The Palo Alto Longevity Prize (the "Prize") is a $1 million life science competition dedicated to ending aging. Ours is one of a growing number of initiatives around the world pursuing this goal - the more shots on goal the better. Through an incentive prize, our specific aim is to nurture innovations that end aging by restoring the body's homeostatic capacity and promoting the extension of a sustained and healthy lifespan.

There are two prizes available and teams may compete for one or both prizes:

1) A $500,000 Homeostatic Capacity Prize will be awarded to the first team to demonstrate that it can restore homeostatic capacity (using heart rate variability as the surrogate measure) of an aging reference mammal to that of a young adult.

2) A $500,000 Longevity Demonstration Prize will be awarded to the first team that can extend the lifespan of its reference mammal by 50% of acceptable published norms. Demonstration must use an approach that restores homeostatic capacity to increase lifespan.

To enable a rapid commercial path forward for the innovations, the sponsor of the Prize will be contributing an existing pool of relevant intellectual property to the Prize effort.

Comments

This news certainly made me happy today. One more brick in the community against aging. The faith is building up.

I'm grateful to them for creating this prize, and to you Reason for relentlessly scouring the web for information and disseminating it to a broader audience.

Posted by: Nico at September 9th, 2014 12:04 PM

I don't think this is massively good news. But at the same time every little bit helps.

It is very good that they are focusing a bit more on actual repair than on just slowing the rate of accumulation of damage.
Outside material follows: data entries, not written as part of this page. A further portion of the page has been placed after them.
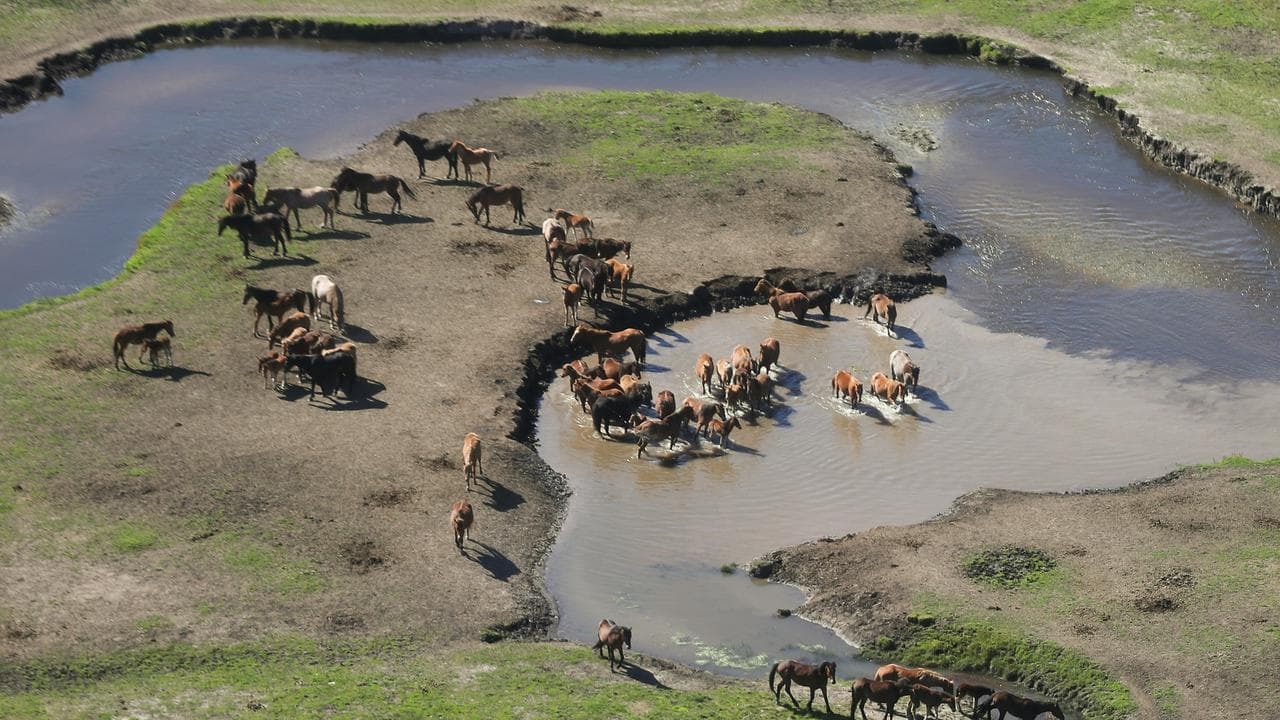 Feral horses, known as brumbies, in Kosciuszko National Park.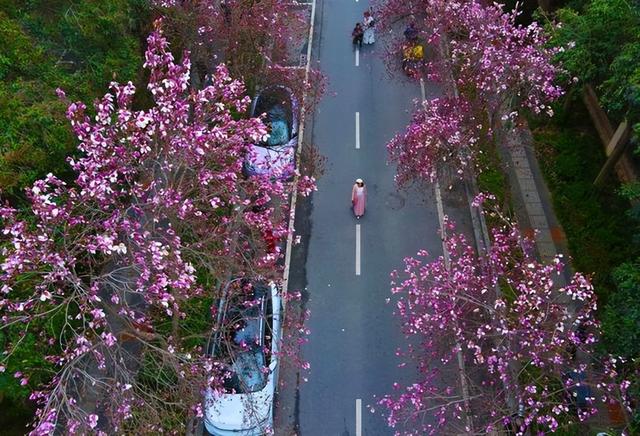 西安高新一路:红韵满街春意浓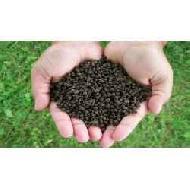 Coir Fiber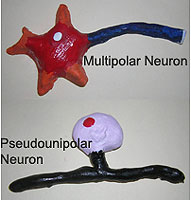 neuron project model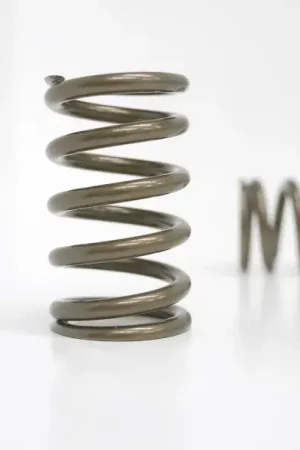 Kelford Valve Spring Set (KA24DE/DET) Editor’s Pick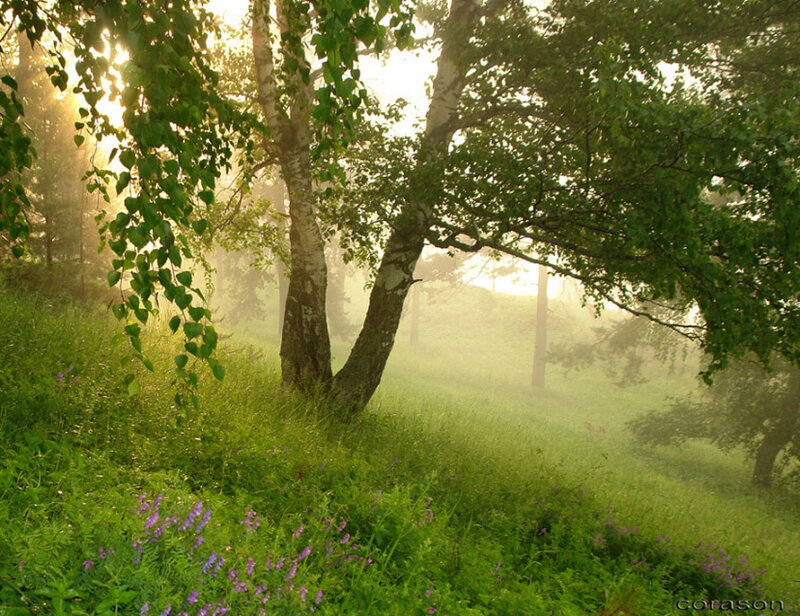 Birch Trees in Fog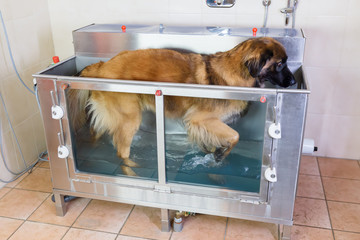 Leonberger in a hydrotherapy station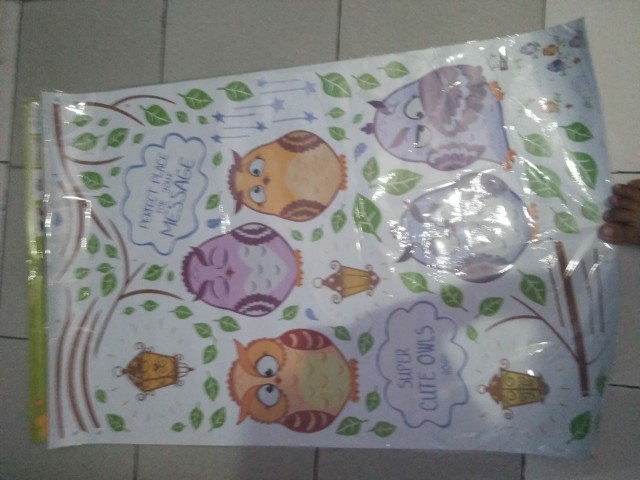 Wall Sticker  Super Cute Owl Jm7265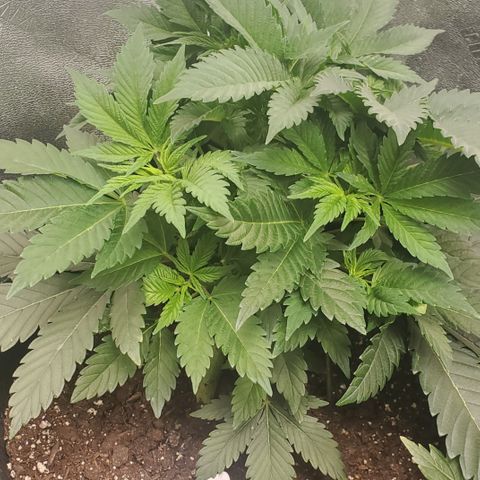 DF1 growlog timeline photo
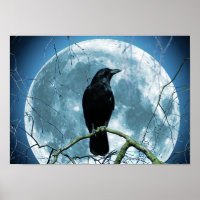 Crow Raven Moon Night Gothic Fantasy Stunning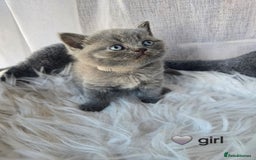 British Shorthair cats for sale: A charming kitten will be available in December. - Image 23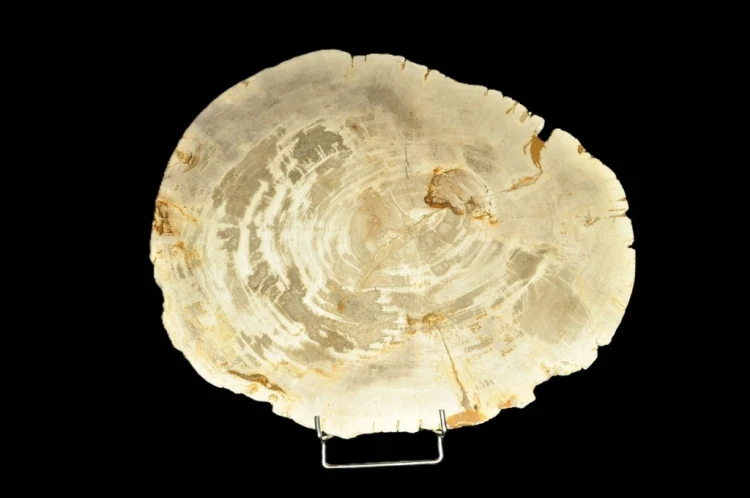 * SKAMIENIAŁE DREWNO PLASTER INDONEZJA NIEZWYKŁA SKAMIENIAŁOŚĆ 7 KG NR 5 *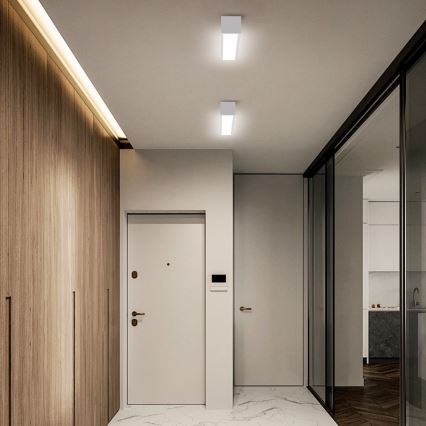 Immax NEO 07257L - LED Dimbar taklampa NEO LITE LUNGO LED/20W/230V 3000-6000K Wi-Fi Tuya vit + fjärrkontroll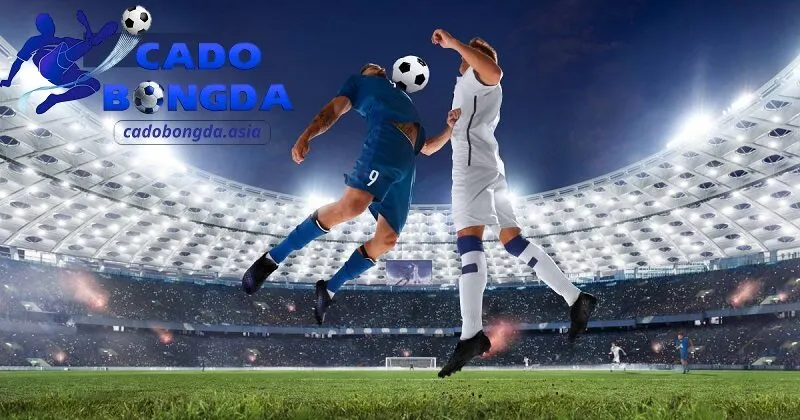 Nhận định kèo nhà cái miễn phí mới nhất Nhận định kèo nhà cái miễn phí cho người mới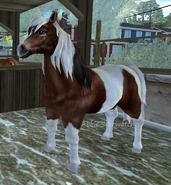 Gniada tobiano (2 generacja)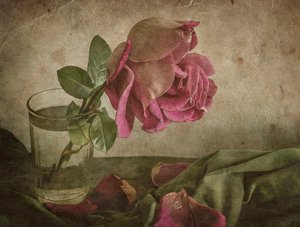 Fading Rose Still Life by Igor Tokarev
Thanks to Reason for collating all this news and research, and for translating it via commentary into something non scientists can follow. It sounds kind of stupid, but this site gives me hope that my upcoming decades of 40s, 50s, and 60s might not periods of decline and an increasingly less fun life.

Posted by: Jim at September 9th, 2014 6:19 PM

Well, nothing has been discovered per se, so in a way it indeed isn't revolutionary. But just the fact that this event exists is still very meaningful, in my opinion.

It means there are some more people out there who believe that age should and can be fought; who are willing to associate their name, time, money, IP and connections to this cause. And -most importantly- these are no amateurs, they are venture capitalists and scientists from major institutions.

Thus this Palo Alto Prize reinforces the signal sent by other institutions (e.g. SENS Rejuv. conference, Calico+Abbvie) that now is the time for both businesses and public authorities to invest in anti-aging techniques. It serves as a further confirmation that there are gains to reap for individuals, private ventures and society as a whole. And that this field is being noticed by an increasing number of high calibre people.

That is why it is exciting: it helps keeping the ball rolling, adds further credibility to the endeavour, and helps appealing to a slightly broader audience (i.e. anti-aging is no longer confined to what the general public could see as pipe dream for "transhumanist nutcases" or "weirdo researchers").

Well... I guess we the readers of this blog were quite aware of these implications already, but I just felt the need to spell them out.

Additionally, the PR side isn't to be neglected, and on that point the website is well made: its interface uses the latest trends, and the video interviews of the competing teams are nicely edited. Which isn't surprising given the tech-oriented background of the Prize backers, but is always welcome to relay the message that anti-aging is is taken seriously.

Posted by: Nico at September 9th, 2014 7:41 PM

I more or less echo that sentiment. It's good to see people other than SENS trying to solve the problem and at least entertaining the idea of damage repair.

Posted by: Michael-2 at September 11th, 2014 8:52 PM

On an ancillary note I've always wondered why the Methuselah prize wasn't more specific. For example a million dollars for a team that successfully breaks glucosepane in situ restoring aterial function. The new organ prize is more akin to that. Anything that aims to extend the lives of something is generally going to favour slowing aging approaches.